Высокая брюнетка, а глаза синие. Пока идем, знакомимся:
- Володя Швейгольц, выпускник школы.
- Дима Бобышев, студент Техноложки.
- Оля Заботкина, балерина.
Потрясающе! И все трое - из одного города. Да, она бывала на подобных курортах, но здесь впервые. Эти скучные пыльные места, эти грязи - обычный профессиональный удел для многих балерин. Она живет у курзала в доме отдыха. Да, я могу зайти навестить ее, но она пока не знает, когда... Она так часто бывает занята. Завтра к тому же - двухдневная экскурсия в Ялту.
Что это - вежливый отказ или робкая форма приглашения? Неземное создание исчезает в дощатой кабинке для процедур. Плоский лиман с застойной илистой водой не представляет никакого зрелища. Но еще несколько лет мне было интересно следить за ее ярковатой, но, увы, кратковатой сценической и экранной карьерой.
А вот еще одно пляжное знакомство - солнечная девушка по имени, кажется, Света, из Москвы. Во всяком случае, по фамилии Савельева, это точно. Да, "Света Савельева" звучит так, что я сразу вспоминаю хрупкое изящество, которое мучило не только нас со Швейгольцем, но, кажется, и ее саму. "Не Саломея, нет, соломинка скорей" - подошло бы к ее облику в ту пору более всего, но этих стихов мы пока не знали.
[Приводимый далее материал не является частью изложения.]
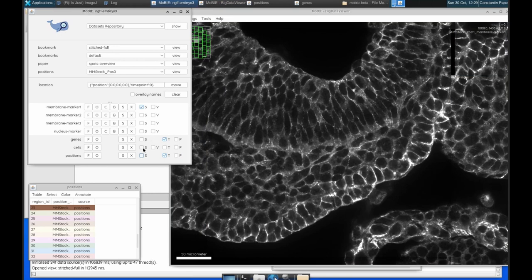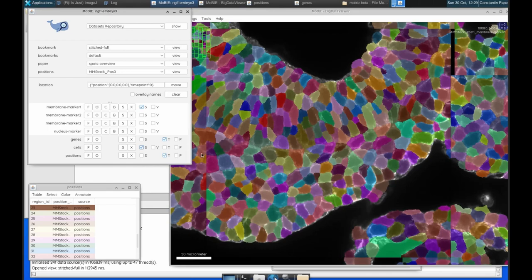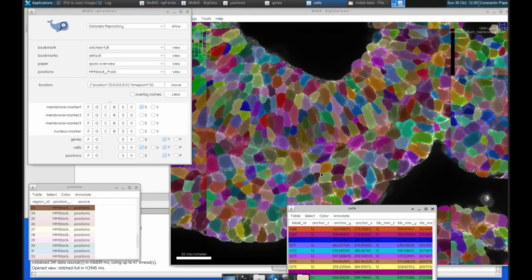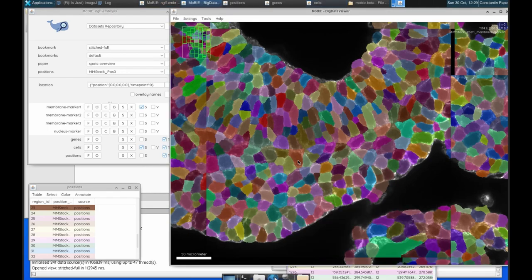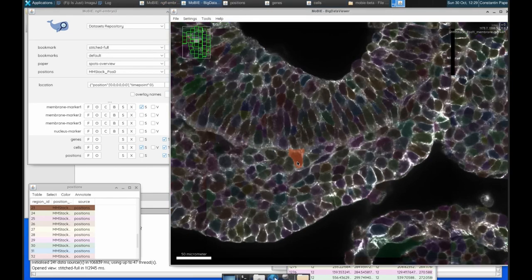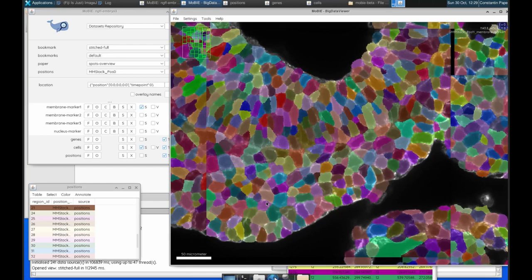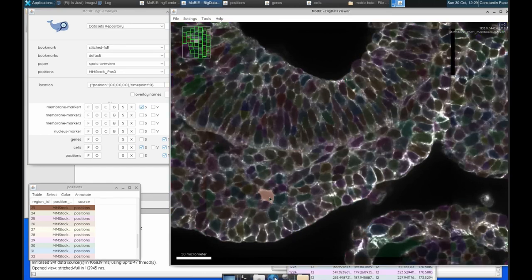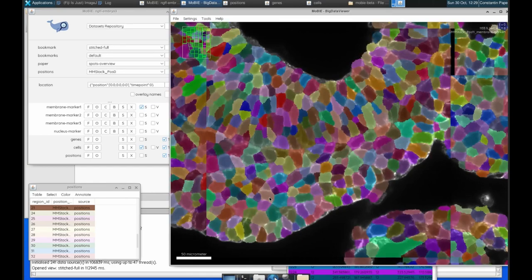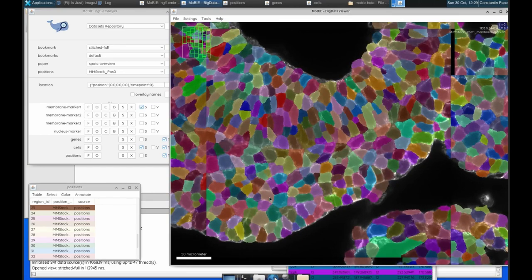We also have this cells layer, and these are segmented cells that have been segmented based on those membranes that we were just looking at. And we can select particular cells and look at them like that.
Легко и сухо пахло от ее волос, а чистота глаз менее всего казалась пустой. Возможно, взгляд ее наполняло удовольствие быть собой, скорее предчувствовать себя в восторженных аппетитах двух загорелых парней, но ответить им она была не готова. Швейк проводил ее с пляжа домой и назавтра был мрачней тучи: от ворот поворот. Попробовал я - с чуть большим успехом. Прощаясь, почувствовал и запомнил запах ее волос, вкус, лепет неясных обещаний, обменялся с ней адресами, помаялся и забыл.
А через несколько лет от нее посыпались письма, как продолжение того прощального лепета, многостранично исписанные красными чернилами. От красных букв пестрило в глазах, каждое слово кричало. Я был тогда в очередном личном кризисе, из глупой гордости разводясь с женой, наперекор своему (и ее) желанию. Московская корреспондентка настаивала на встрече.
Наконец приехала, остановясь в туристской гостинице. А мне ее некуда даже было пригласить. Посидели у нее. Тетка как тетка. Поплакала. Уехала.